Babyman resigns to save Humza Useless the job
He may look like a sweet old grandad (always the most sus), but that cut no ice with Polis Scotland, who interrogated him under arrest last Tuesday. Jowly, pouty, pinkly offended, with a face like an unhappy foetus, Colin Beatty, aged 71, has taken it on the chin for the party and resigned from his post as SNP Treasurer. Ishmaelites will recall that between 2017 and 2020 the SNP raised a large sum, now revealed to be £666,953.00, for the purposes of funding an independence referendum. Things looked a bit dodgy when the 2019 accounts showed that there was just under £97,000 in the bank and that the assets were around £272,000. The SNP accountants, Johnston Carmichael, promptly resigned, as did the former Chief Executive, Peter Murrell.
The Police investigation, Operation Branchform, having towed away the expensive mobile home parked on Nicola Sturgeon's mother-in-law's drive, is now looking for sim cards used in unregistered mobile phones. You know, like Drug Dealers and Gangsters use. The Polis want to know the numbers connected with these cards which could contain numbers called and text messages. They are also interested in expensive pens, pots and pans, jewellery, and a fridge freezer in the party's HQ in Edinburgh.
What? Really? Taking the fridge into custody? What was being kept in there? The few remaining SNP senior ministers are looking pious and refusing to comment as it is an ongoing police investigation. Beattie's resignation came mere hours before First Minister Humza Patsy Useless set out his government's priorities for the next three years. Ever the optimist, eh?

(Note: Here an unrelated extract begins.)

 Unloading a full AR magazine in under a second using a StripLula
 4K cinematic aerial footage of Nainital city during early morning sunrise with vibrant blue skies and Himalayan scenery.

The other piece of political theatre this week was provided by Official Black Woman, Diane Lard, formerly Labour MP, but now suspended in deep shit.
Surely that's a wig? |
The Labour Party will be mounting an investigation into Diane Abbott having written a letter to the Observer, espousing unfashionable views about racism. Only Proper Black People, really Black People, can experience racism, she said. Any negative experiences by white people who aren't Proper White People, Really White People, like Jews, or redheads, are experiencing prejudice, not racism. Labour, anxious to shake off the whiff of anti-Semitism that has hung about it since the Corbyn regime, rushed to comment that Diane Lard's views, words, thoughts, indeed, very being, were "deeply offensive and wrong".
Here's the letter:
"Tomiwa Owolade claims that Irish, Jewish and Traveller people all suffer from “racism” (“Racism in Britain is not a black and white issue. It’s far more complicated”, Comment). They undoubtedly experience prejudice. This is similar to racism and the two words are often used as if they are interchangeable.It is true that many types of white people with points of difference, such as redheads, can experience this prejudice. But they are not all their lives subject to racism. In pre-civil rights America, Irish people, Jewish people and Travellers were not required to sit at the back of the bus. In apartheid South Africa, these groups were allowed to vote. And at the height of slavery, there were no white-seeming people manacled on the slave ships."
Diane Abbott
House of Commons, London SW1
Having seen the National Theatre production of C.P. Taylor's GOOD this week, for which Sir Keith Starmer should buy Diane tickets, I have to disagree with her reflections on the philosophical and semantic differences between racism and prejudice. Nothing trumps the Holocaust. GOOD was originally commissioned by the Royal Shakespeare Company in 1981. It has been described as the definitive piece written about the Holocaust in the English-speaking theatre. Set in pre-war Germany, it shows how John Halder, a liberal-minded professor whose best friend is the Jewish Maurice, could not only be seduced into joining the Nazis, but step-by-rationalised-step ends in embracing the Final Solution, justifying to his conscience the terrible actions involved. The depiction of Kristallnacht was chilling in the extreme. The N.T. production is directed by Dominic Cooke and Halder is portrayed, brilliantly, by David Tennant. You can subscribe to National Theatre at Home for £9.99 per month.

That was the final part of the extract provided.